*THE TASK:* Print the line that contains "Calvin Klein Men's", then every line after it until the entries end, exactly as they read; do not include pictures.

*SOURCE MATERIAL:*

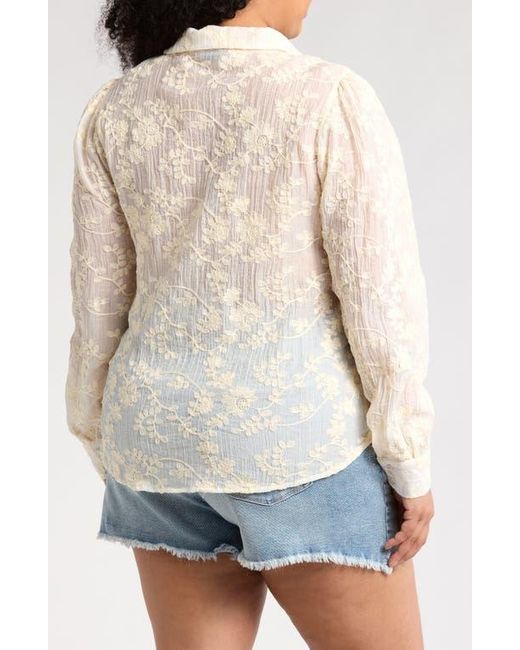 Forgotten Grace Blue Embroidered Button Down Top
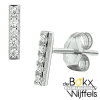 Oorknopjes zilver gerhodineerd balkjes met zirkonia - 54698 Oorknopjes zilver gerhodineerd balkjes met zirkonia - 54698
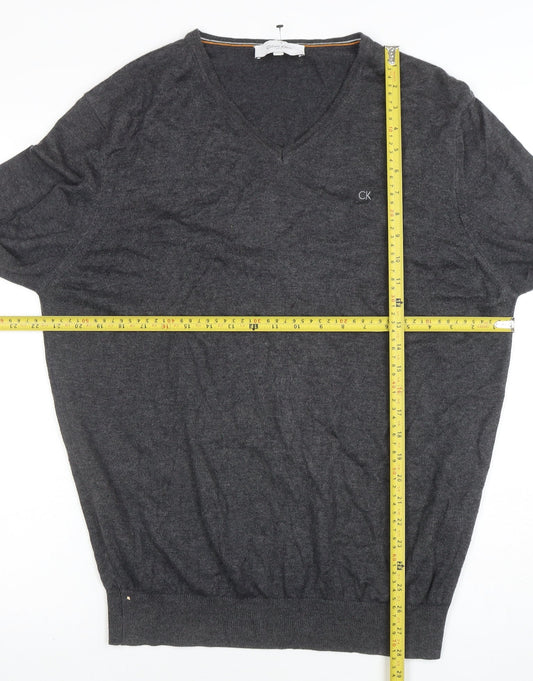 Calvin Klein Men's Grey V-Neck Cotton Acrylic Jumper L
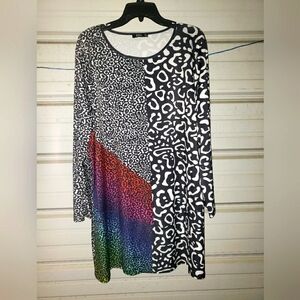 Plus Size 3X Long Tunic Top women's animal print dressy blouse shirt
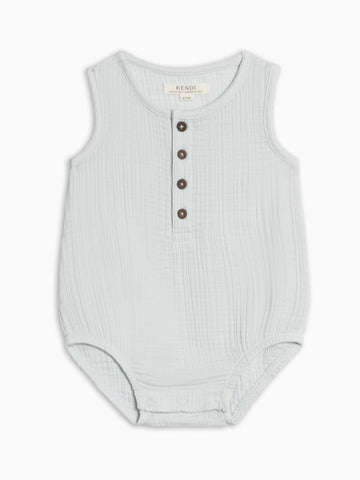 Bowie Muslin Bubble Romper - Powder
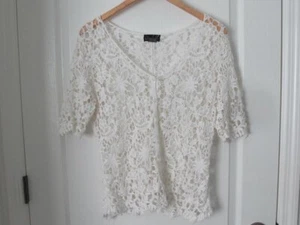 Feminine Crochet Lace Button Front Cardigan LRG Short Slv Questions by Say What - Picture 1 of 11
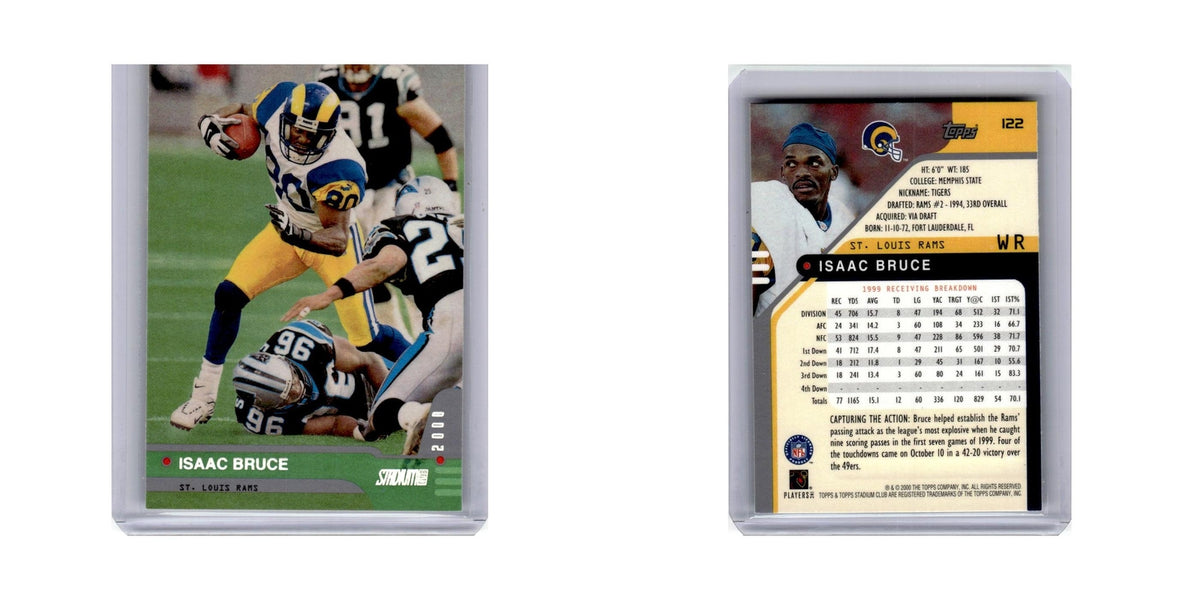Isaac Bruce 2000 Stadium Club #122 St. Louis Rams Football Card NM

*EXERCISE RESPONSE:*
 Calvin Klein Men's Grey V-Neck Cotton Acrylic Jumper L
 Plus Size 3X Long Tunic Top women's animal print dressy blouse shirt
 Bowie Muslin Bubble Romper - Powder
 Feminine Crochet Lace Button Front Cardigan LRG Short Slv Questions by Say What - Picture 1 of 11
Isaac Bruce 2000 Stadium Club #122 St. Louis Rams Football Card NM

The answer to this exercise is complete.